For these larger 'special dividends', the ex-dividend date is generally one stock trading day after the dividend payment date. The dividend payment date occurs sometime after the dividend record date. The stock will trade on an ex-distribution basis (adjusted for the amount of the dividend paid) on the trading day after the dividend payment date, and thereafter.

To be entitled to a special dividend of less than 25% of the share price, you need to be a stockholder on the record date. To be a stockholder on the record date, your purchase would need to have been made a minimum of two business days prior to the record date, and you would still have to own it on that day. The ex-dividend date, i.e. the first date in which a new buyer of shares would not be entitled to the dividend, is the business day prior to the record date (see ex-dividend date for exceptions).

In the case of a special dividend of 25% or more, however, special rules that are quite different apply. If you sell stock after the record date but before the ex-dividend date, your shares will be sold with a book entry sometimes called a "due bill", which denotes that (though the company will pay the dividend to your account, if you are the shareholder of record on the date two business days prior to the record date), your account must, in turn, turn the amount of that dividend over to the buyer of your stock. Conversely, if you buy stock after the record date but before the ex-dividend date of a large special dividend, you are entitled to the dividend and will receive it via the due bill process.
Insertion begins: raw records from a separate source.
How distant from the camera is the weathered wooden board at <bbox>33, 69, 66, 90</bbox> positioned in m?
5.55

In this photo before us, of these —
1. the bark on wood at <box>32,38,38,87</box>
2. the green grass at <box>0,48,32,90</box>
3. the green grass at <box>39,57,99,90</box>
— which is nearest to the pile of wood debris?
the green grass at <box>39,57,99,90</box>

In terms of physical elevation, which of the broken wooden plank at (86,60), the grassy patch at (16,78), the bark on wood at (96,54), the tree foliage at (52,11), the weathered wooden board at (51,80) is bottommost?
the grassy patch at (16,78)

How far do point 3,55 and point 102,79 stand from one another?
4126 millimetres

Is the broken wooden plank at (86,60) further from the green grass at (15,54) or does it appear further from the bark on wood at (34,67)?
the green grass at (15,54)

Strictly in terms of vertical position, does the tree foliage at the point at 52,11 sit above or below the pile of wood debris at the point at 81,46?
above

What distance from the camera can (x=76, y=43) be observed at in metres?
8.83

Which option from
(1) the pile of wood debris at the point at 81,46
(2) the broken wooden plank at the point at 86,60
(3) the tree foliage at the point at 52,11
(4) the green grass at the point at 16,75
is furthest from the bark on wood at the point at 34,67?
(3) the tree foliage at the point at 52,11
As is the case with all dividends, if you sell your stock prior to the ex-dividend date, within the due bill period, you relinquish your right to the dividend. The earliest you can sell your stock and still be entitled to the special dividend is the date the stock begins trading on an ex-distribution basis, or generally one day after the dividend payment date, on the ex-dividend date.
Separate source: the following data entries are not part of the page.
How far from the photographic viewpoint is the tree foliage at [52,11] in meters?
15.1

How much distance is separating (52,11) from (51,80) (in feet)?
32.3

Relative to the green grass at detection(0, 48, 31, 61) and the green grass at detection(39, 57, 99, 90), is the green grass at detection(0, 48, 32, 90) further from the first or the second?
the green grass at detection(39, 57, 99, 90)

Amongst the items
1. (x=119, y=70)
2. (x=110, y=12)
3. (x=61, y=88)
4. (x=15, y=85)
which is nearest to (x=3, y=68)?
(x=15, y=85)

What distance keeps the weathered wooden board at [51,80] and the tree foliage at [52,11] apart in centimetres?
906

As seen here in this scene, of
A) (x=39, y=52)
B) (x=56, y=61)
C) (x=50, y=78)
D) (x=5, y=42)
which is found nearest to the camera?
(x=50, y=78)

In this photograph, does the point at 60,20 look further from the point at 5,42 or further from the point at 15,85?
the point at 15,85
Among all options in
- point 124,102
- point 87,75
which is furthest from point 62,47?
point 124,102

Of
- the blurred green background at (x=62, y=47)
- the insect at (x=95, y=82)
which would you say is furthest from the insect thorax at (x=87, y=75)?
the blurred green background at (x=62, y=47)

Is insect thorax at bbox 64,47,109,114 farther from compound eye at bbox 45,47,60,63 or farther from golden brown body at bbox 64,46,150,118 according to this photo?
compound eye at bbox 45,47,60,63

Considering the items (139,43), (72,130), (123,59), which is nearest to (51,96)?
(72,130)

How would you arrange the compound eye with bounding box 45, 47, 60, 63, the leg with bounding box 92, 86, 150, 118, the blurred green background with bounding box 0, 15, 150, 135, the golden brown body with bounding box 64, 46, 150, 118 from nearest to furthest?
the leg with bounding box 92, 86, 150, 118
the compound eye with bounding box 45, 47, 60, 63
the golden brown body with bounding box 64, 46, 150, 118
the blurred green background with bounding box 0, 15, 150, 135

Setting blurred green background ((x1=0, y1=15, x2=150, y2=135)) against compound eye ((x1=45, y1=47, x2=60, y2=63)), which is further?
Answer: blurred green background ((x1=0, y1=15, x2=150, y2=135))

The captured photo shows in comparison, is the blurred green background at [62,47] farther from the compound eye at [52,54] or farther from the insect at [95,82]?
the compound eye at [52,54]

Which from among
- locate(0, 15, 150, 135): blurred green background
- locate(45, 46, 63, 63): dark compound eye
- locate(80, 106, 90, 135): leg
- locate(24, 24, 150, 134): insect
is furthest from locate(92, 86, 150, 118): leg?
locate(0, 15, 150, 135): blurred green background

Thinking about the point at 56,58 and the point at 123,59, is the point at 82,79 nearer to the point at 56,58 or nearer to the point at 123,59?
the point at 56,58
In simplest terms, ownership on the "record date" usually, but not always (because of the case of large special dividends), determines who is entitled to a dividend. The ex-dividend date always identifies who is ultimately entitled to receive a dividend.

== Relationship to stock option contracts ==
Special dividends are different from regular cash dividends in that only the former cause strike prices to be adjusted on option contracts. This is because special dividends are not expected, and therefore would result in an unexpected transfer of wealth from those owning call options to those who sold them (vice versa for put options).
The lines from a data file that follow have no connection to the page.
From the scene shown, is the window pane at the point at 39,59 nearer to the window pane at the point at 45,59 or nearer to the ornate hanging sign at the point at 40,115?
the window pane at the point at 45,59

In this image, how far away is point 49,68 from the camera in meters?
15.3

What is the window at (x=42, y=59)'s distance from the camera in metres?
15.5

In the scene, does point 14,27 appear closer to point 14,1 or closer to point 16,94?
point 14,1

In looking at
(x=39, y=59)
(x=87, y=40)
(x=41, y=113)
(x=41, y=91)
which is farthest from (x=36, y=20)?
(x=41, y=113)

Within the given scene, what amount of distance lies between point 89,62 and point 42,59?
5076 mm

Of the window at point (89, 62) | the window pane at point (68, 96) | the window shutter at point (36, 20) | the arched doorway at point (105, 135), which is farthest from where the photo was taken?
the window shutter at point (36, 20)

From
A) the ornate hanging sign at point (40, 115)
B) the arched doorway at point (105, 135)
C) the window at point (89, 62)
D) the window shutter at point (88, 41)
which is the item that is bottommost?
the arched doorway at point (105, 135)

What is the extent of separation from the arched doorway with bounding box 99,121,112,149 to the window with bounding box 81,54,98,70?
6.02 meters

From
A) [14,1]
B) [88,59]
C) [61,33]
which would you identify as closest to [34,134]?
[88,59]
For example, say XYZ is priced at $40 today, and has a special dividend of $1. Since call option holders are not entitled to dividends, a holder of an option to buy stock XYZ at $30 will not receive the $1 special dividend. However, after paying the cash dividend, then (all else being equal) XYZ will drop to $39, as it has paid out $1 of its value. However, the option to buy a $39 stock at $30 is worth less than the option to buy a $40 stock at $30. Therefore, option exchanges have formulas to adjust contracts appropriately when special dividends are paid out. In this case, the call option to buy at $30 will be converted to a call option to buy at $29, which will keep the option value roughly the same.

Regular cash dividends do not result in such option contract adjustments. This is because the market expects them to occur, and they are therefore priced into the option premium. In a way, the buyer of a call option for a stock that pays a regular cash dividend gets a "buyer's discount".

== Types of special dividends ==

=== Cash dividends ===

Cash special dividends are the most prevalent form of extraordinary dividend distribution, accounting for approximately 85% of all special dividend payments in the US. These dividends provide shareholders with immediate liquidity through direct cash payments, typically funded by excess cash reserves, proceeds from asset sales, or extraordinary profits. Unlike regular quarterly dividends, cash special dividends are generally larger in magnitude and occur infrequently, with amounts often ranging from 5% to 50% of the company's stock price.

The distribution process follows standard dividend mechanics, with the company's board of directors declaring the dividend amount, establishing record date and payment dates, and executing the payment through transfer agents. Cash special dividends are subject to immediate taxation for shareholders in most jurisdictions, with tax treatment varying based on the dividend's classification as qualified dividend or non-qualified income.

=== Stock dividends ===

Stock special dividends involve the issuance of additional shares to existing shareholders as an alternative to cash distribution. This form of special dividend allows companies to reward shareholders while preserving cash for operational needs or strategic investments. The distribution ratio is typically expressed as a percentage of existing holdings, such as a 10% stock dividend providing one additional share for every ten shares owned.

Stock special dividends do not immediately provide shareholders with cash but increase their proportional ownership in the company. The market price per share generally adjusts downward proportionally to reflect the increased share count, maintaining the aggregate market value of shareholders' holdings. From an accounting perspective, stock dividends result in a transfer from retained earnings to paid-in capital without affecting total shareholders' equity.

=== Property dividends ===
Property special dividends involve the distribution of non-cash assets, securities, or subsidiary shares to shareholders. This category encompasses spin-off transactions where companies distribute shares of a subsidiary to create independent publicly traded entities. Property dividends may also include physical assets, real estate holdings, or securities of other companies held as investments.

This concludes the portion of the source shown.